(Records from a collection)
*** Begin section ***

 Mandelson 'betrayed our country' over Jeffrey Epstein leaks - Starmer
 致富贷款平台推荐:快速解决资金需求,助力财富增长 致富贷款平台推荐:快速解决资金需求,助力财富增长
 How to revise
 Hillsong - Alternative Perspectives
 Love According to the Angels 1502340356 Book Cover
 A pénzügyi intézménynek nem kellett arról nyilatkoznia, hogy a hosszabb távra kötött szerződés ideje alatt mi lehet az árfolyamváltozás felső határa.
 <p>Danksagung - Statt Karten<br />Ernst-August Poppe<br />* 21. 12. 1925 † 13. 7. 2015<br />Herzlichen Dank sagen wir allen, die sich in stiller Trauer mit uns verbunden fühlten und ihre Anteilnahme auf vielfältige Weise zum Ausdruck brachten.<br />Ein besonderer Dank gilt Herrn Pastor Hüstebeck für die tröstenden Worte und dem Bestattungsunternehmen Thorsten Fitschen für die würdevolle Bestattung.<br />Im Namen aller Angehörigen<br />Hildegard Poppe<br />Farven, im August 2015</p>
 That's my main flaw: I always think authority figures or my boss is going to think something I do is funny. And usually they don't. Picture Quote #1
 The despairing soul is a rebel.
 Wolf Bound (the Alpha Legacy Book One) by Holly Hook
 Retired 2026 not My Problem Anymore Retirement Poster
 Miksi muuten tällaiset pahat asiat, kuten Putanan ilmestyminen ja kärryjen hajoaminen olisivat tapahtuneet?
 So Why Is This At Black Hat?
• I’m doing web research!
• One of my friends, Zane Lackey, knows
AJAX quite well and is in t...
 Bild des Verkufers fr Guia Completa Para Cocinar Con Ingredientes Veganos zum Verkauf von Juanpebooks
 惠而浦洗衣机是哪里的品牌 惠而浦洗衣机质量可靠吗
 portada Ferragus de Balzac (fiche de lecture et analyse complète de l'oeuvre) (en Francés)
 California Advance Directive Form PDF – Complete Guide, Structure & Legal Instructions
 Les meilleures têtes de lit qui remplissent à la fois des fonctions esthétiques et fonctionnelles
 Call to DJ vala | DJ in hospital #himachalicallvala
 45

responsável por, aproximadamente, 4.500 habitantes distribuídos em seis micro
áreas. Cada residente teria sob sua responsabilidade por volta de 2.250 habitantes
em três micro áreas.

*** End section ***

> [What is needed]:
Beginning at the top of the entries above, output each line exactly, and end with the line in which "Love According to" appears.

> [Solution below]:
 Mandelson 'betrayed our country' over Jeffrey Epstein leaks - Starmer
 致富贷款平台推荐:快速解决资金需求,助力财富增长 致富贷款平台推荐:快速解决资金需求,助力财富增长
 How to revise
 Hillsong - Alternative Perspectives
 Love According to the Angels 1502340356 Book Cover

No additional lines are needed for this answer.